Published: November 7, 2018 / Author: Carol Elliott



For her research in the area of IT management, University of Notre Dame business professor Hong Guo received an “early career” award from the leading international association for professionals in operations research and analytics.

Guo, the Robert and Sara Lumpkins Associate Professor in Business Analytics, was awarded the Institute for Operations Research and the Management Sciences (INFORMS) Sandy Slaughter Early Career Award in recognition of the honor of being “an early career individual on a path towards making outstanding intellectual contributions to the Information Systems Discipline.”

Guo, who joined Notre Dame’s Mendoza College of Business in 2009, studies emerging phenomena in IT by characterizing key design features of systems such as mobile platforms, digital games and product review systems, and examining firms’ corresponding strategies. She also studies the economic analysis of IT policy issues, including net neutrality and public safety networks.

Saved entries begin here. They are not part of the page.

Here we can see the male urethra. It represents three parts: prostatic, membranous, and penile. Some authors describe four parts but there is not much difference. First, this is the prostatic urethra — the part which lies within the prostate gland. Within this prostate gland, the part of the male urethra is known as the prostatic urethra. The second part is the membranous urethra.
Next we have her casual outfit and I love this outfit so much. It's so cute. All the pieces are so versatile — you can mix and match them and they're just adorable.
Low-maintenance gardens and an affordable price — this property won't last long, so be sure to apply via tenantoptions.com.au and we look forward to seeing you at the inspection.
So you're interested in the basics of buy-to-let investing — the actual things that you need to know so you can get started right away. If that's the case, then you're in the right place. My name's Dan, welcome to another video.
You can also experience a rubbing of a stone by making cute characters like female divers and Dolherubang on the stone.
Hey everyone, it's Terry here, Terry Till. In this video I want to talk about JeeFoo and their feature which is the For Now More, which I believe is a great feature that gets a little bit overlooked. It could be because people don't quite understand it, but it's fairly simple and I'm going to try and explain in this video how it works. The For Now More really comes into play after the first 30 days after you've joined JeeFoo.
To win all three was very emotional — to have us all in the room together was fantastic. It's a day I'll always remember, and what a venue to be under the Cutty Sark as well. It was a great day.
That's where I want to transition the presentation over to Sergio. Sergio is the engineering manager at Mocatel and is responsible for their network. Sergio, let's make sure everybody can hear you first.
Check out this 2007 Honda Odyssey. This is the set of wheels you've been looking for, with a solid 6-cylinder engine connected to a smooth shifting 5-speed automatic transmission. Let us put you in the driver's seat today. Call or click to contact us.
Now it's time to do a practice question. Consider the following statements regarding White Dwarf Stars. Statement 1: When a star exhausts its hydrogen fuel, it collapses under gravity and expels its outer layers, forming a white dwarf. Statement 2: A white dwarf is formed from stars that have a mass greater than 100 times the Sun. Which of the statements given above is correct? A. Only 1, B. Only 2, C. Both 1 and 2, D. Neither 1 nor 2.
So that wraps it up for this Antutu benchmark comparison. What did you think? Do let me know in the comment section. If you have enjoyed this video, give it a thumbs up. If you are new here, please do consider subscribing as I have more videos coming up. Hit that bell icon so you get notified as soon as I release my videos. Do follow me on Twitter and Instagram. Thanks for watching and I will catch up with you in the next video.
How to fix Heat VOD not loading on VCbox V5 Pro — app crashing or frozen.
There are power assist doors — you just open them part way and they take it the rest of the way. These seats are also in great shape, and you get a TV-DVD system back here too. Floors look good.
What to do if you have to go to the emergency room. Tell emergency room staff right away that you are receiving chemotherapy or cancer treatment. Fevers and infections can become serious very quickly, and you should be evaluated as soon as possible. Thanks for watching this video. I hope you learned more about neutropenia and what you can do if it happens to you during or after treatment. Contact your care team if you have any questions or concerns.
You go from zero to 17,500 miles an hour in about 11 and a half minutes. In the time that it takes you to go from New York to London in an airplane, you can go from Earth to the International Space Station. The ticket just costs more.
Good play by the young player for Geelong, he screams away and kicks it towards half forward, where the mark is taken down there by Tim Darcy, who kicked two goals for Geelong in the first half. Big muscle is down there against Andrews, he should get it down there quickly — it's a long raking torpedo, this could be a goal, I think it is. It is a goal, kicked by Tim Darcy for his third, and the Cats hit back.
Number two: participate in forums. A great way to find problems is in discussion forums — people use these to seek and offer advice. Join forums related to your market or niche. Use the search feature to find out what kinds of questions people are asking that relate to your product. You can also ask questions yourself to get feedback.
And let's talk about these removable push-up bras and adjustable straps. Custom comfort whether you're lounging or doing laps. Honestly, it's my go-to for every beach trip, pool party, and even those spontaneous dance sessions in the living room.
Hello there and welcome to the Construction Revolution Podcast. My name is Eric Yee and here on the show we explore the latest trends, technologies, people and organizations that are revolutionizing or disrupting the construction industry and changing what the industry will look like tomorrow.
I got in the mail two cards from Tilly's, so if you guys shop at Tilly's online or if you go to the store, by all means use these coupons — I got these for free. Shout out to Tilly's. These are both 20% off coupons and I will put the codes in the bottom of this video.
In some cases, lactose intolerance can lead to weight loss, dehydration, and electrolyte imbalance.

In a recent study, “Selling Virtual Currency in Digital Games: Implications on Gameplay and Social Welfare,” forthcoming in Information Systems Research, Guo and her co-authors find that selling virtual currency reduces the playing times for some heavy players, which helps to alleviate the risk of excessive gaming. Selling virtual currency also leads to a larger player base and more people enjoying the many benefits from playing digital games.

Her research has been published in top business journals such as MIS Quarterly, Information Systems Research, Manufacturing & Service Operations Management and Production and Operations Management. Guo teaches analytics courses for Mendoza’s Department of IT, Analytics, and Operations. She won the Rev. Edmund P. Joyce, C.S.C. Award for Excellence in Undergraduate Teaching in 2017 and the James Dincolo Outstanding Teaching Award for Undergraduate Teaching in 2013.

She earned her Ph.D. from the University of Florida.